Selon Emilien Gür, critique de cinéma et membre de l’équipe de programmation des Journées de Soleure, l'analyse des films est une démarche qui, entre autres, transmet la passion tout en révélant des aspects inattendus d'une œuvre.

Fréquenter les salles de cinéma est une expérience tristement banale, pour le moins anonyme, franchement dénuée de singularité. On pénètre dans ces lieux sans manière, on en sort sans éclat ; assis·e sur son siège le temps de la projection, on se sent un vulgaire quidam : les films ne s’adressent à personne en particulier – c’est leur limite, c’est leur beauté. Aller au cinéma est donc un non-événement, chose rare et plutôt réjouissante à l’heure où les activités humaines en général, et la culture en particulier, se sont engagées sans trop d’états d’âme sur la voie de l’événementiel. Chaque manifestation se doit d’offrir quelque chose d’unique, l’essentiel étant d’offrir au public un sentiment d’exclusivité, lequel se vend assez bien.

Pendant ce temps, les salles obscures changent leur programme de mercredi en mercredi, avec l’invariabilité d’une routine séculaire. La critique de cinéma est d’abord une chronique de ce monde-là, monotone, prosaïque. Tributaires de la chance des distributeur·trice·s et des affaires des exploitant·e·s de salle, les critiques rendent compte de ce qui est projeté d’un bout à l’autre de la semaine, dans le coin du monde où on les a dépêché·e·s. La vie passe, ils et elles sont ailleurs, niché·e·s devant des écrans à s’intéresser à des histoires qui ne sont pas les leurs, comme des détectives privés – pour des raisons qui ne tiennent sans doute pas au hasard, les deux professions sont souvent perçues comme parasitaires. Cela n’a rien d’offensant, mais reflète au contraire une qualité fondamentale de la critique, qui se nourrit de films non sans leur causer quelques dommages (les griefs bien connus de l’interprétation et du commentaire). 

Parce qu’ils et elles sont toujours un peu malvenu·e·s, les critiques n’ont rien à perdre (contrairement aux publicitaires et influenceur·euse·s, dont la parole se monnaie). « Ils passent (leur chemin, de mode, derrière la caméra), ils cassent (la baraque, puis les pieds) et pour finir, ils lassent », écrivait avec lucidité l’un des plus brillants d’entre eux (Serge Daney). En attendant qu’on les mette à la porte, la meilleure chose qu’ils et elles puissent faire est d’investir la page blanche, ce terrain où l’on refait le film comme nos collègues de la rubrique sportive refont le match. La projection terminée, une écriture s’invente. Pour descendre ou pour défendre, qu’importe, il s’agit de passer la balle au·à la lecteur·trice, qui se transformera peut-être en spectateur·trice. Rien n’est moins sûr. 

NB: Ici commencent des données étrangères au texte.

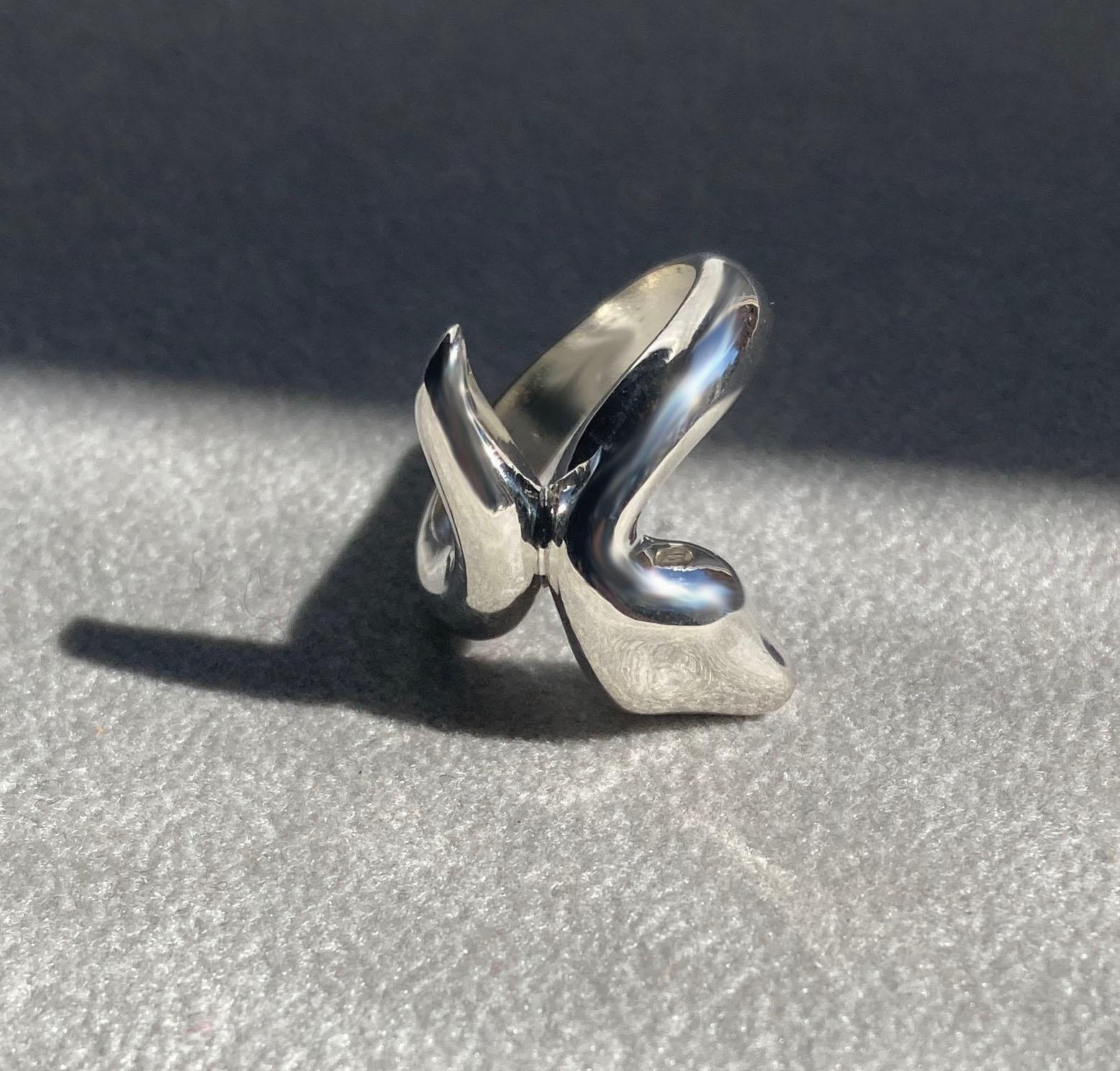 Rossella Ugolini Platinum Bold Snake Man Band Ring In New Condition For Sale In Rome, IT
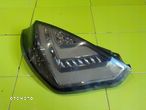 FORD FIESTA MK7 09r HB 5D lampa prawa tyl - 2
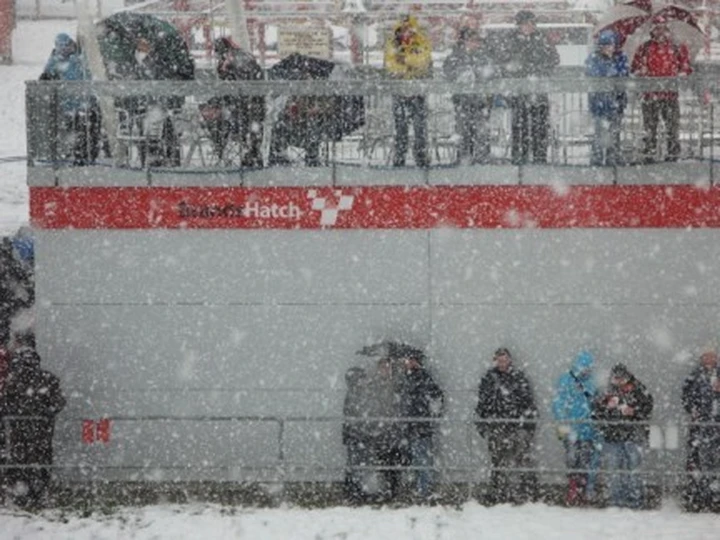 BSB: Brands Hatch annullata, per neve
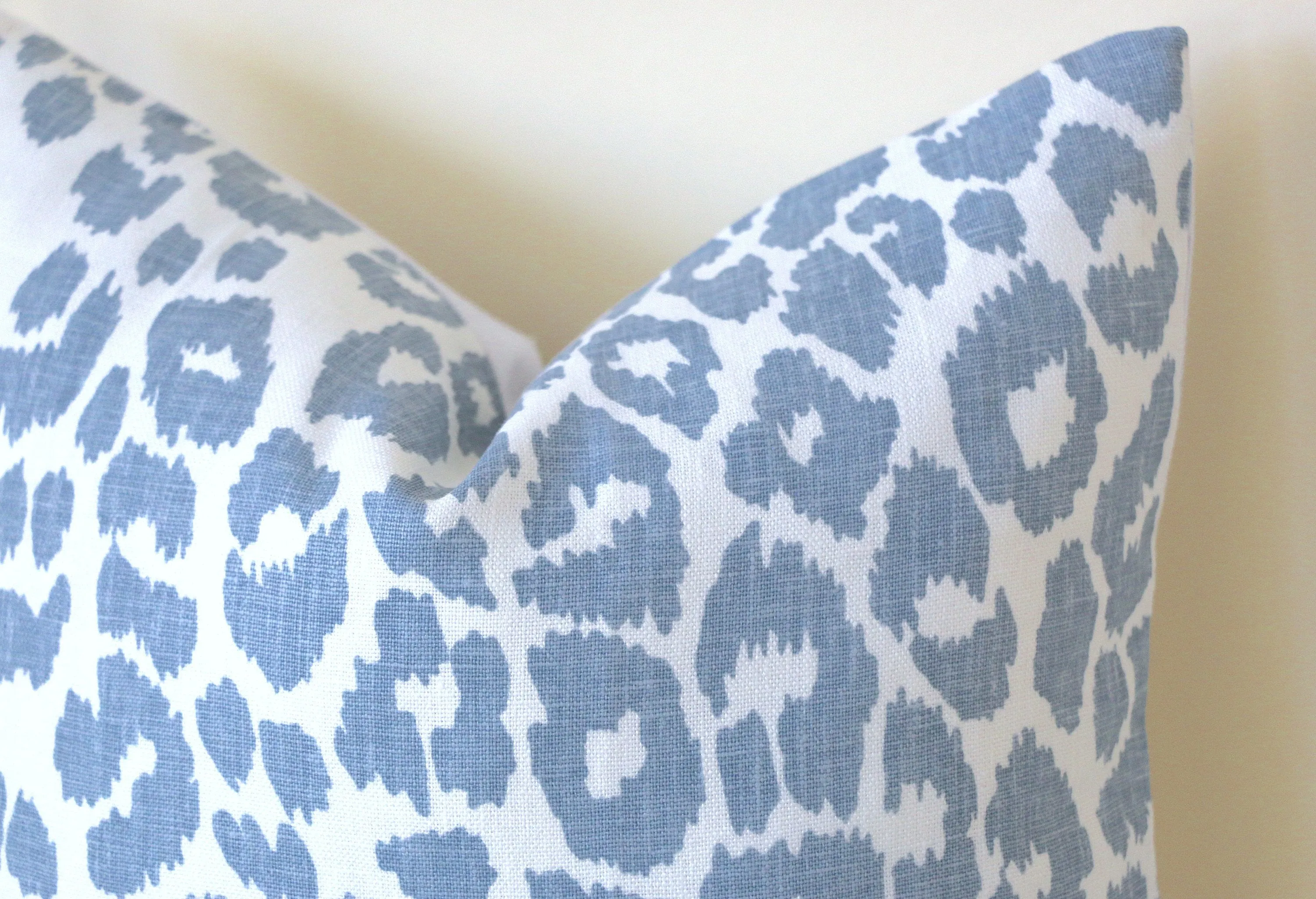 Iconic Leopard Sky Pillow Cover / Schumacher Sky Leopard Cushion Cover / Indoor or Outdoor Pillow Cover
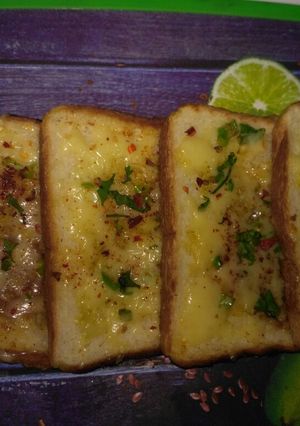 ગાર્લિક બ્રેડ (Garlic Bread Recipe In Gujarati) રેસીપી મુખ્ય ફોટો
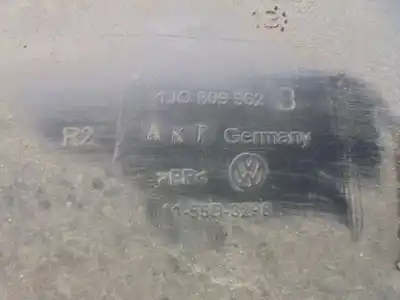 Gebrauchtes Autoersatzteil radhaus vorn rechts zum volkswagen bora berlina (1j2) 1.9 tdi oem-iam-referenzen 1j0809962b cesta 6 c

Faire de la critique, c’est un peu comme envoyer une bouteille à la mer, jamais certaine de trouver un destinataire, tandis que son émetteur·trice ne répond plus de rien : il ou elle s’occupe déjà du prochain film. Dans la bouteille, si tout va bien, il y a un message. Faire de la critique, c’est donc une affaire de (bons) mots et de langage (codé), parfois même de littérature. Les meilleur·e·s critiques sont des écrivain·e·s qui s’ignorent. Leur trait distinctif : ils et elles n’écrivent pas tant sur des films que sur le cinéma, ce vieux songe toujours à réinventer. Parler (de) cinéma, c’est parler de tout et de rien, des films en particulier et de la vie en général, des autres et de soi. Au bout du texte, il ne reste rien sinon peut-être une phrase, une idée, une illumination. Pas de quoi entrer au panthéon littéraire, assez pour transmettre un goût, faire naître une vocation. Quand les parasites font bien leur travail, un·e de leurs lecteur·trice·s, quelque part dans le monde, devient cinéaste.